Lead single, Surrender, preceded the album and was released on September 8th.

While geared towards highlighting the Outsider album – which Roger Taylor admits being written and recorded under the Covid lockdown shadow resulted in work he describes as “slightly nostalgic and wistful” – when Taylor toured the album across the UK the emphasis was on sheer escapist pleasure.

“I just want everybody to enjoy it, get away from the depressing time we’d been having.” While for some time, as his new songs suggested, we’d all just been trying to get by, Taylor’s Outsider show delivered a roar of release and blasts of euphoric exuberance.

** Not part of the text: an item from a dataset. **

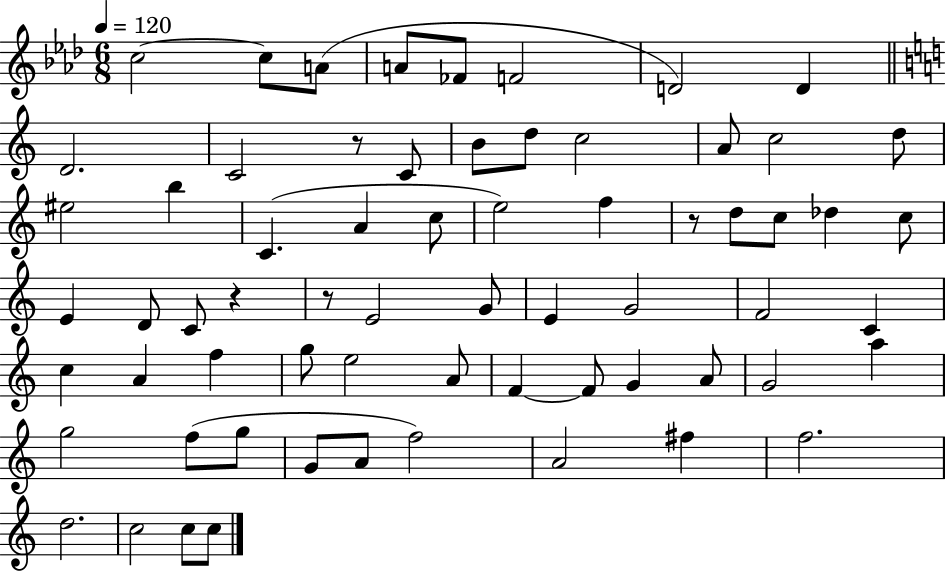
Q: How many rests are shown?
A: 4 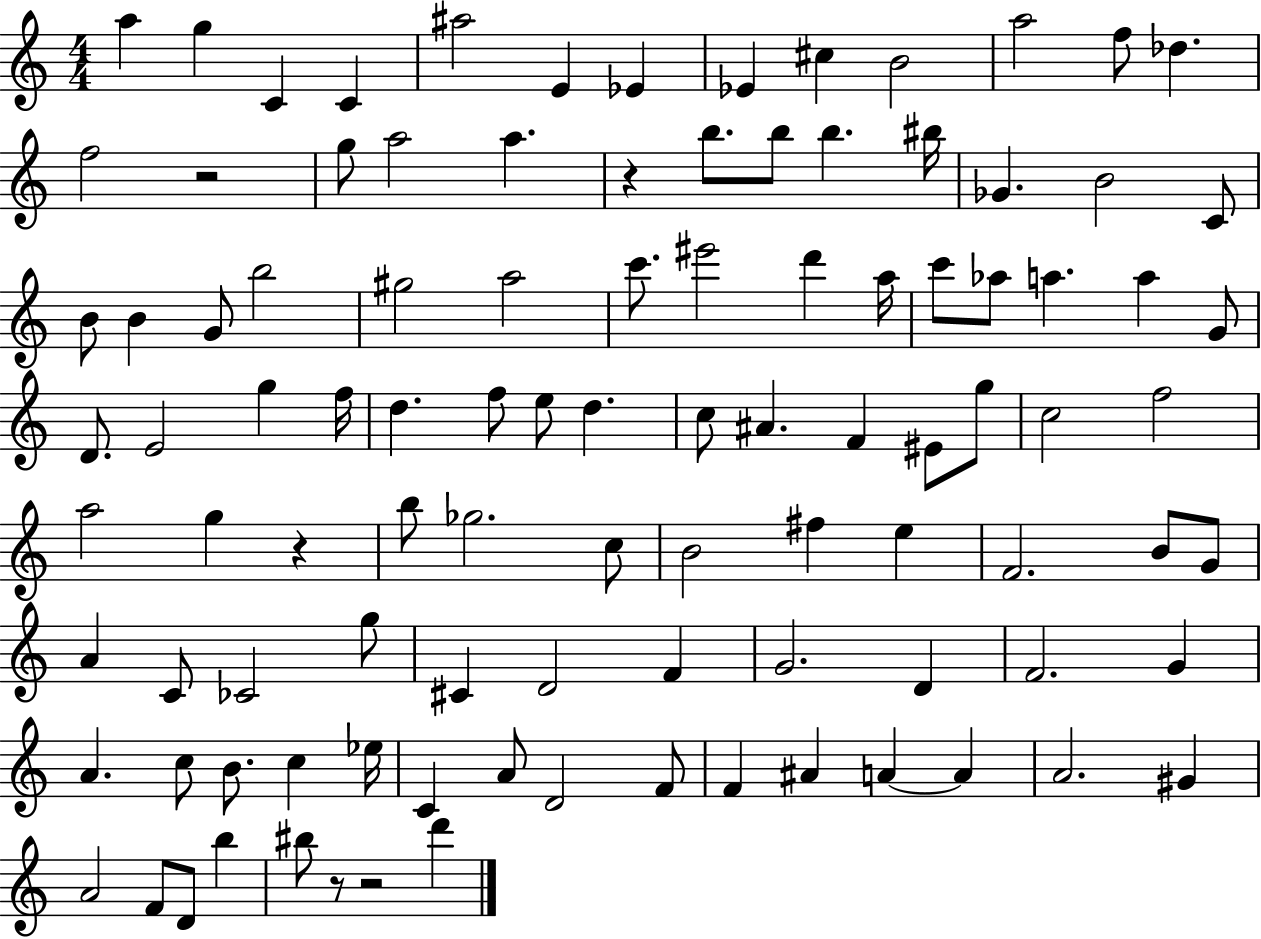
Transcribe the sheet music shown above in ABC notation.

With a smartly gauged set list blending the new material with irresistible Queen classics, and a glorious revisiting of his 6-album strong solo catalogue, Taylor’s gigs proved a masterclass in how to thrill an audience by finding the sweet spot which marries the shock of the new and the hysteria of rock’s history.

As a member of Queen and through his well-received achievements beyond the band, Taylor has blown up musical genres, broken records and been rhapsodised for five decades. Yet these performances come across as fresh, alert and motivated.

And Taylor knows when to introduce a breather into the finely-tuned balance of drum force and power vocals and quiet reflection, delivering genuine lump in the throat moments with the solemnity of Say It’s Not True – his song addressing the terror of a positive HIV diagnosis (recorded to support the Nelson Mandela 46664 AIDS action campaign), and his Electric Fire album cut Surrender, in which he takes on the subject of domestic abuse. Foreign Sand is delivered in a simple acoustic guitar accompanied version.